SELECT `Tweet Id`, `Screen Name`, COUNT(`Tweet Id`) `Num Hashtags`
FROM hashtags
GROUP BY `Tweet Id`, `Screen Name`
ORDER BY `Num Hashtags` DESC
LIMIT 15;
+---------------------+------------------+---------------+
| Tweet Id | Screen Name | Num Hashtags |
+---------------------+------------------+---------------+
| 663860369459384320 | SOFIALAMA | 4 |
| 663861480945664004 | ChrisMillerKUTV | 3 |
| 663861938103930880 | XboxFR | 3 |
| 663862705674133504 | sputnik_TR | 2 |
| 663862542079557633 | WHO | 2 |
| 663862743427076096 | ljcisneros | 2 |
| 663861338310053888 | joelcomm | 2 |
| 663859161503928320 | vpelham | 2 |
| 663861027948249088 | joemaalouftv | 2 |
| 663859425715834880 | NewsTalk770 | 2 |
| 663861791303274497 | DezMandamentos | 2 |
| 663860684006952960 | RogerCookMLA | 2 |
| 663859799004581888 | DPostSports | 1 |
| 663859702535553024 | PrimerImpacto | 1 |
| 663859039831486465 | VctorClavijo | 1 |
+---------------------+------------------+---------------+
Ta da!
But views aren’t just for simplifying SQL statements.

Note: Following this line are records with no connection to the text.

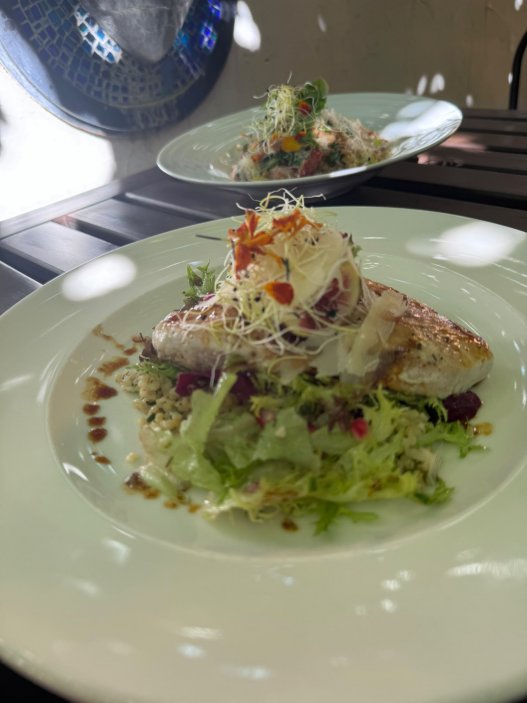 Mikulov už dávno neláká jen na víno a památky. Na několika ulicích se tu soustředí oceněné restaurace, vinařské podniky, bistra i kavárny. Restaurace Ryzlink ve Vinařství Fučík staví na moderně pojaté české kuchyni a párování s místními víny, vlastní podnik tu má i Marcel Ihnačák. Gastronomický výlet navíc doplňuje zámek, Svatý kopeček a působivá židovská čtvrť.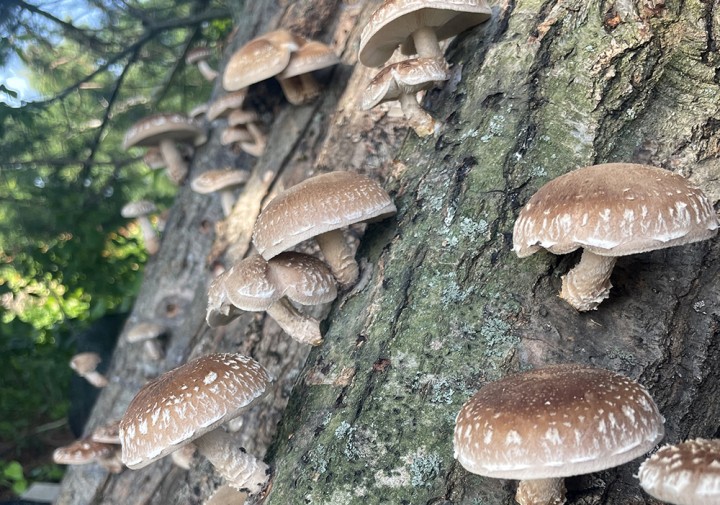 Shiitake harvest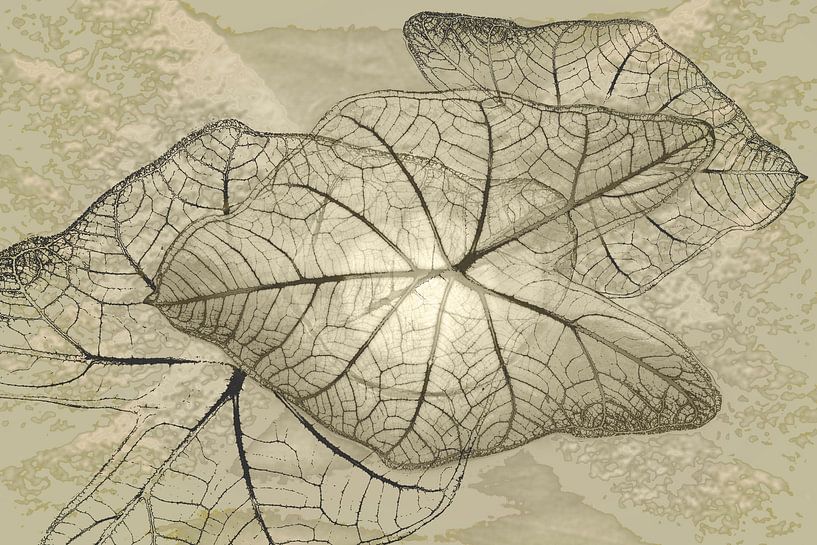 Le dessin au trait dans la nature. Art numérique par Alie Ekkelenkamp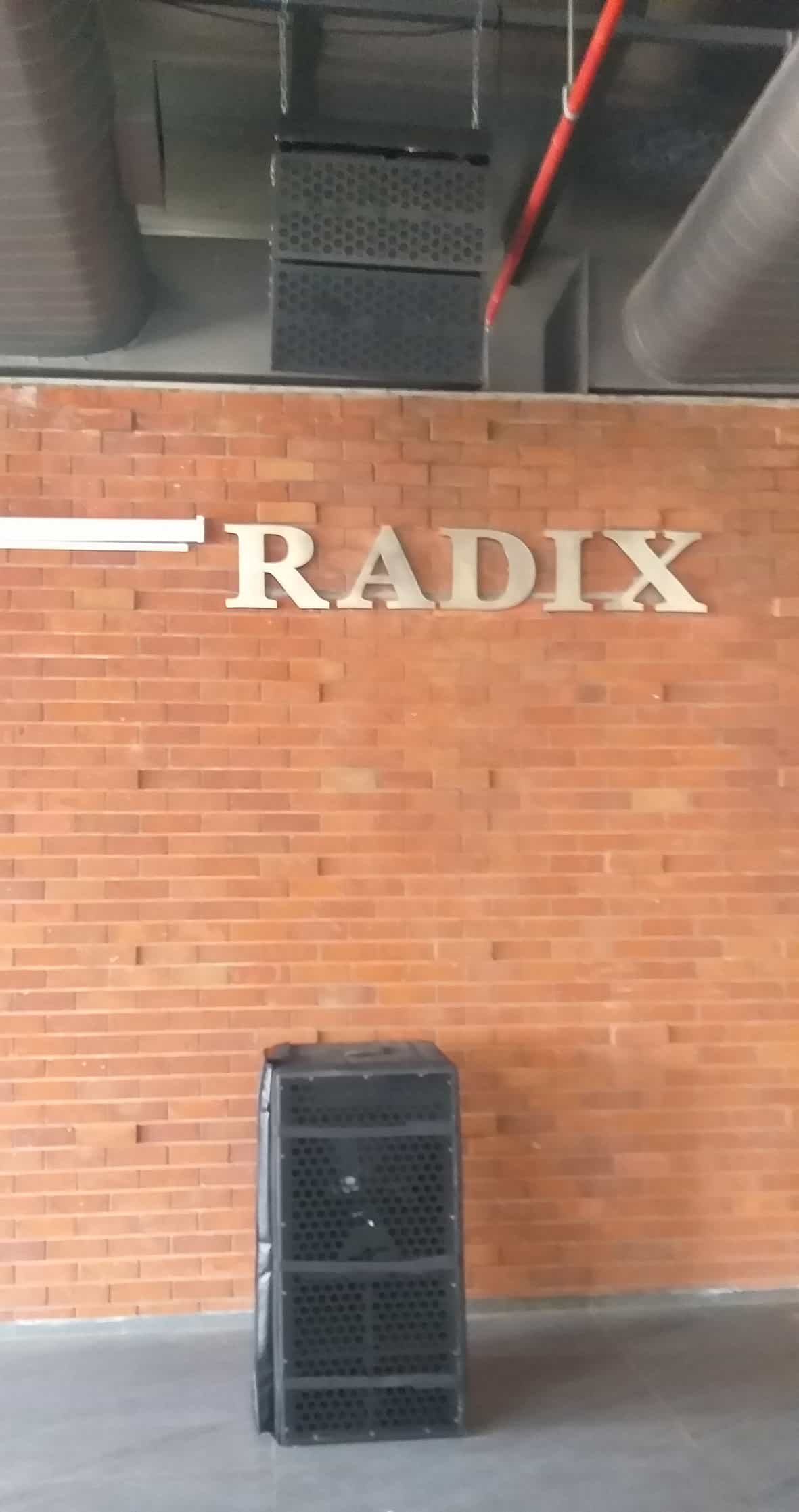 N-Labs reinforce sound at Radixweb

For instance, you could also employ a view to create a shortcut to a query that joins several different files and/or databases. And since views only store queries and not data, you can make a lot of them without worrying about consuming the amount of disk space associated with table creation.
So to recap: In this post I’ve showcased how to deal with complicated nested JSON data in Drill, while also demonstrating how a 'view’ can improve the flow and readability of your analysis.